### To do
Produce a verbatim transcription of the entries, with all pictures omitted.
** Records for the exercise follows **
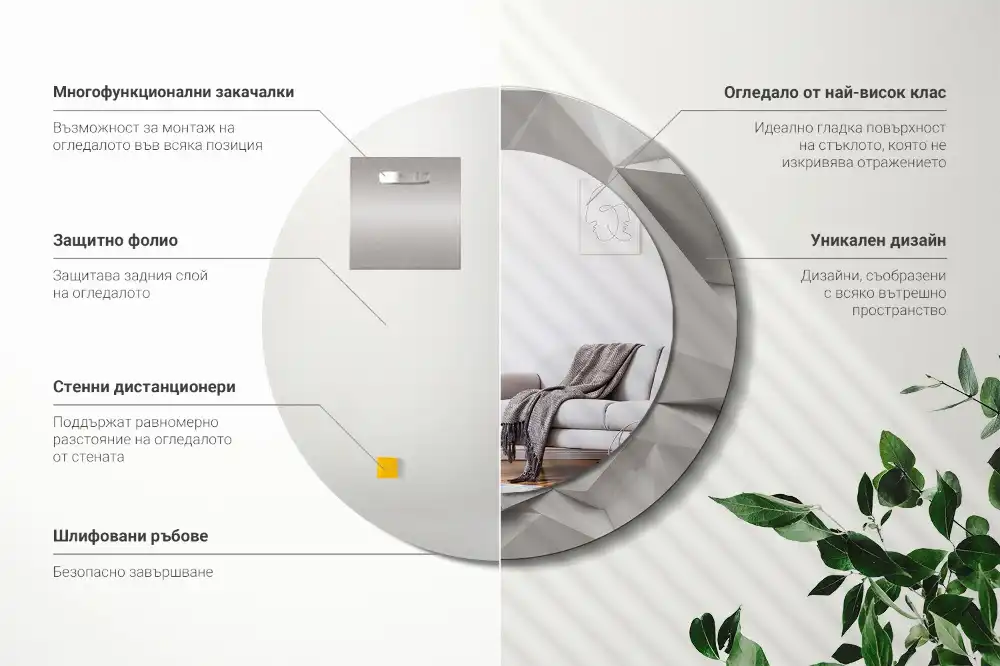 Okroglo okrasno ogledalo Abstraktni beli kristal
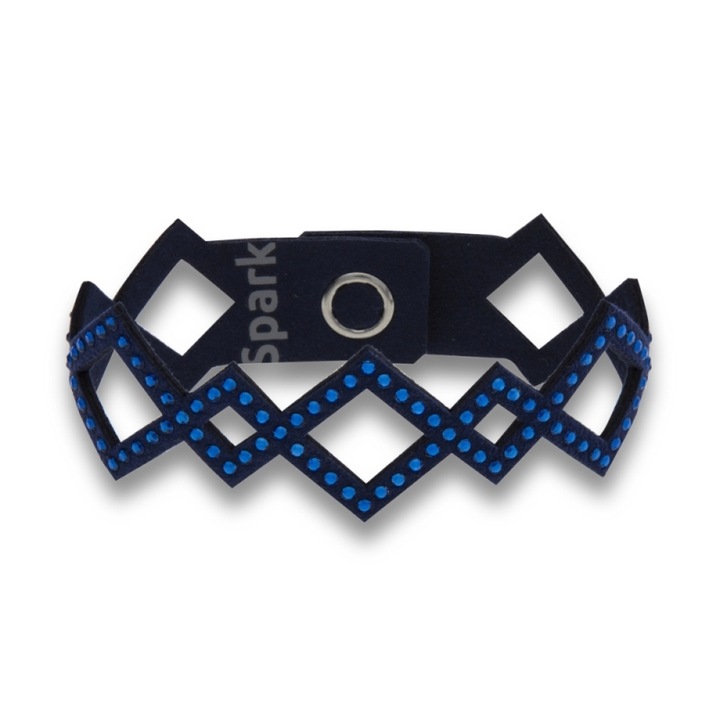 Bratara dama, Spark, Cristale/Textil, 18.5cm, Negru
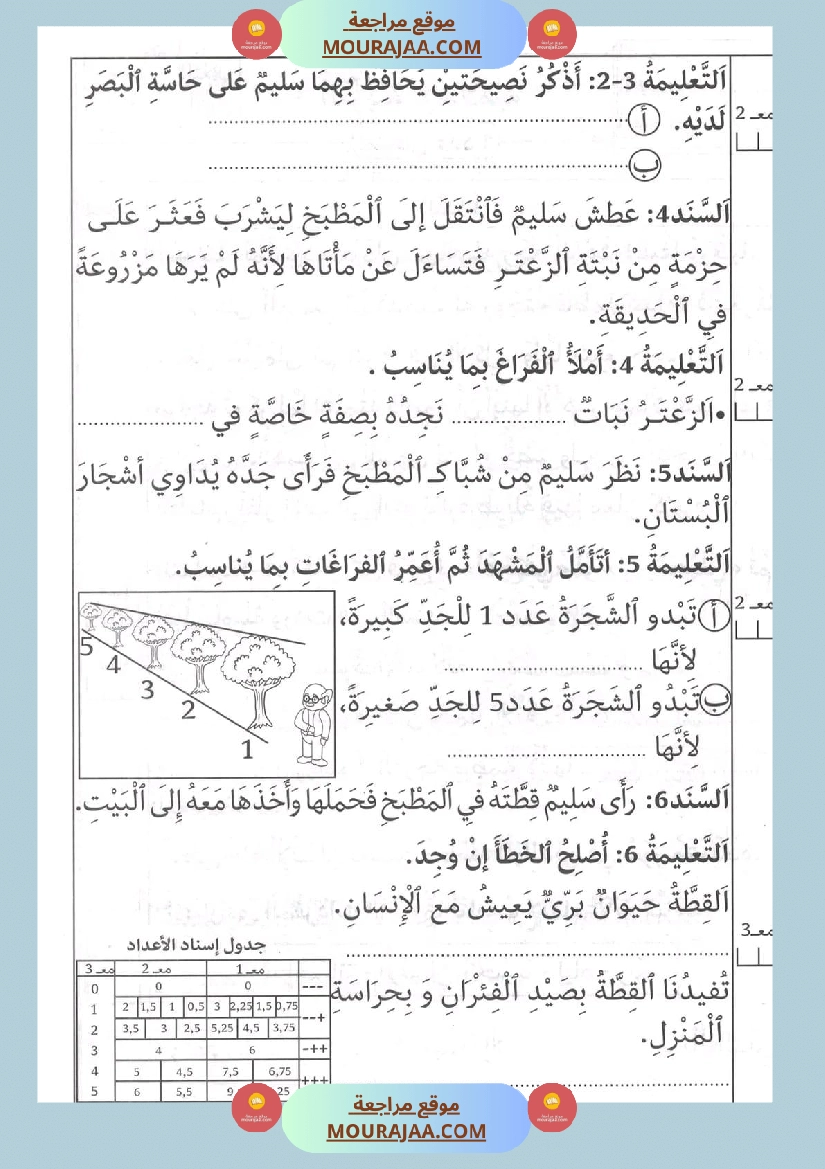 اختبار في سنة ثانية ابتدائي ايقاظ علمي الثلاثي الثاني صفحة 3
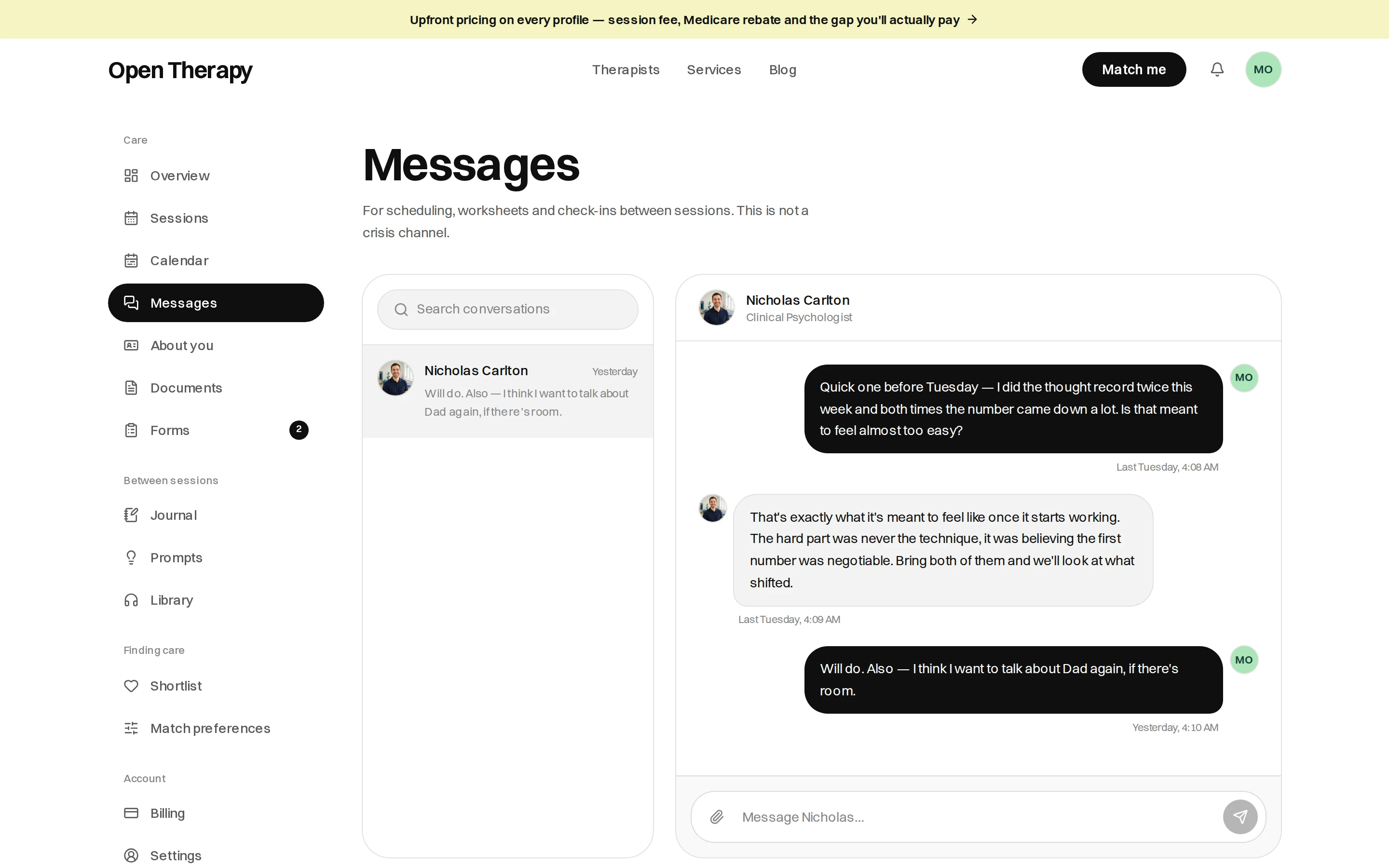 The Messages page in the workspace, noting that it is for scheduling, worksheets and check-ins between sessions and is not a crisis channel, with a searchable conversation list on the left and an open thread with a clinical psychologist on the right above a message box with an attachment button.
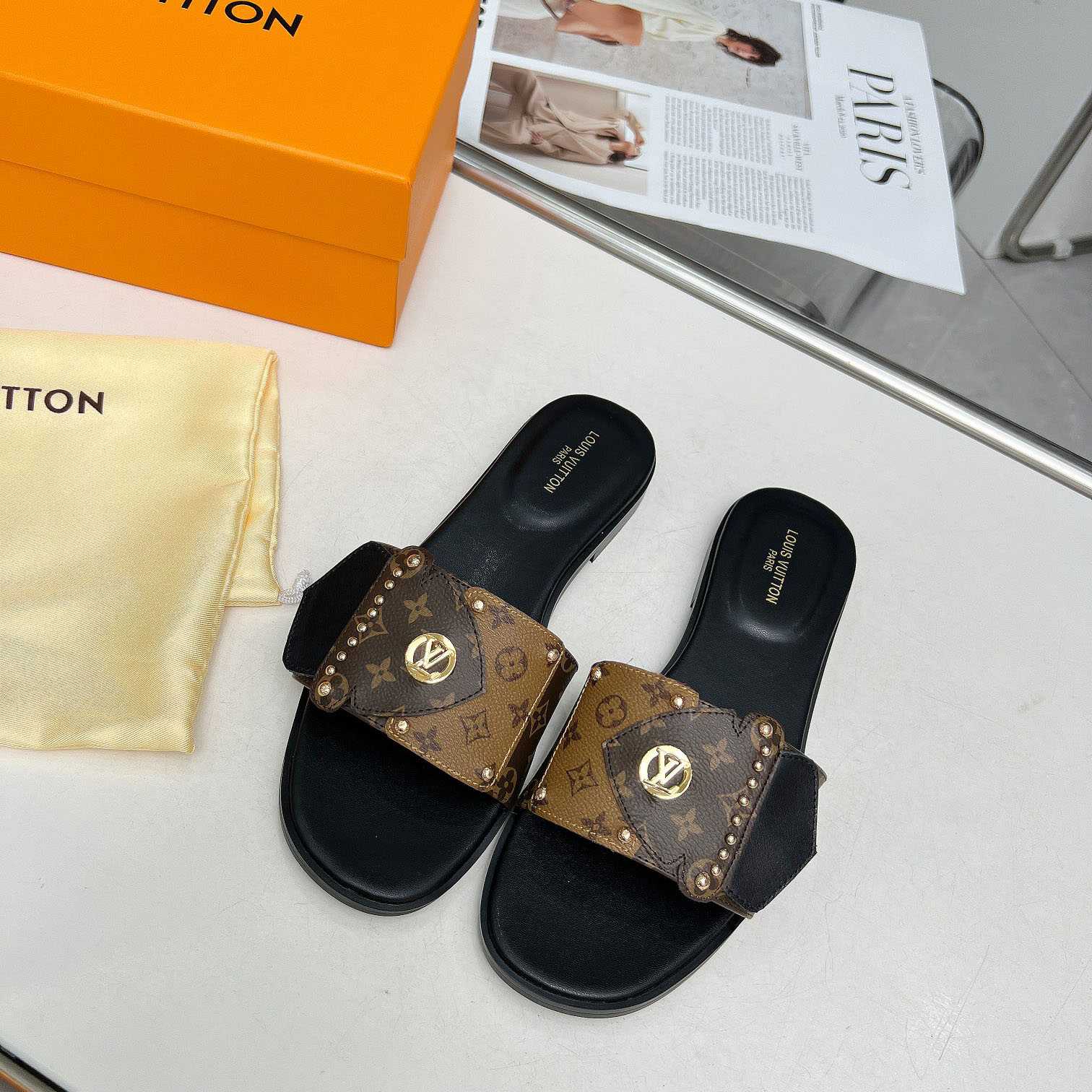 Louis Vuitton LV Frame Flat Mule   1ACXGE - everydesigner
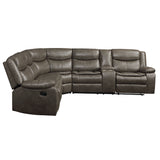 Tavin Taupe LeatherAire Match Manual Reclining Sectional Sofa (Motion) - Ornate Home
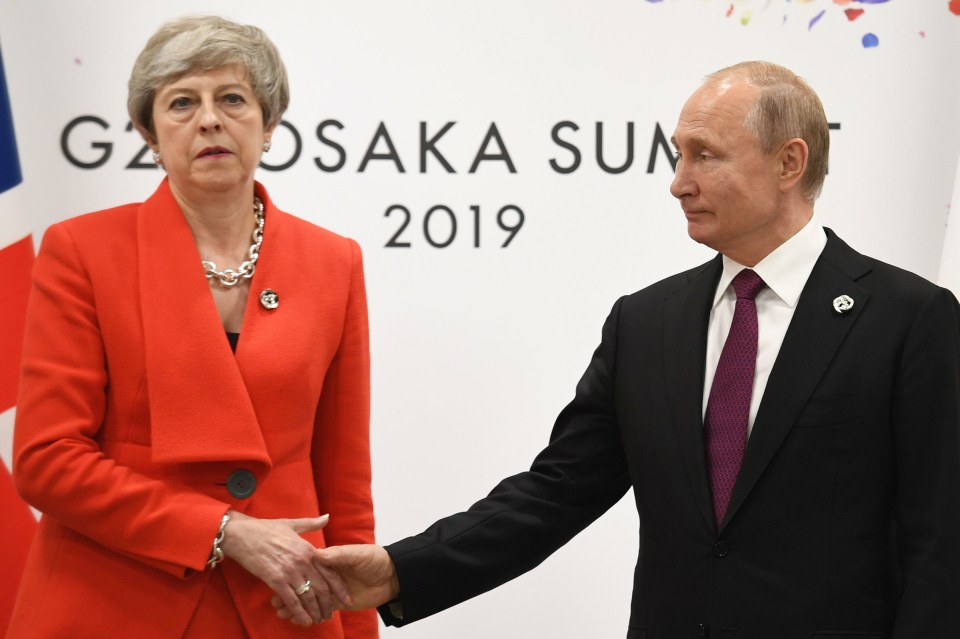 Theresa May’s face said it all as she met 66-year-old Vladimir Putin at the G20 today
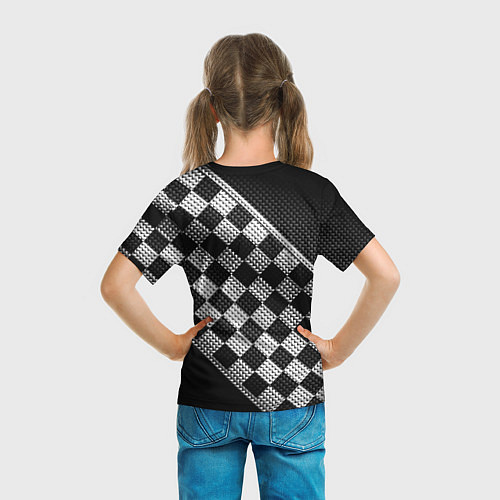Детская футболка Финишная лента в клетку / 3D-принт – фото 6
** End of Records for the exercise **
### Output for this exercise
 Okroglo okrasno ogledalo Abstraktni beli kristal
 Bratara dama, Spark, Cristale/Textil, 18.5cm, Negru
 اختبار في سنة ثانية ابتدائي ايقاظ علمي الثلاثي الثاني صفحة 3
 The Messages page in the workspace, noting that it is for scheduling, worksheets and check-ins between sessions and is not a crisis channel, with a searchable conversation list on the left and an open thread with a clinical psychologist on the right above a message box with an attachment button.
 Louis Vuitton LV Frame Flat Mule   1ACXGE - everydesigner
 Tavin Taupe LeatherAire Match Manual Reclining Sectional Sofa (Motion) - Ornate Home
 Theresa May’s face said it all as she met 66-year-old Vladimir Putin at the G20 today
Детская футболка Финишная лента в клетку / 3D-принт – фото 6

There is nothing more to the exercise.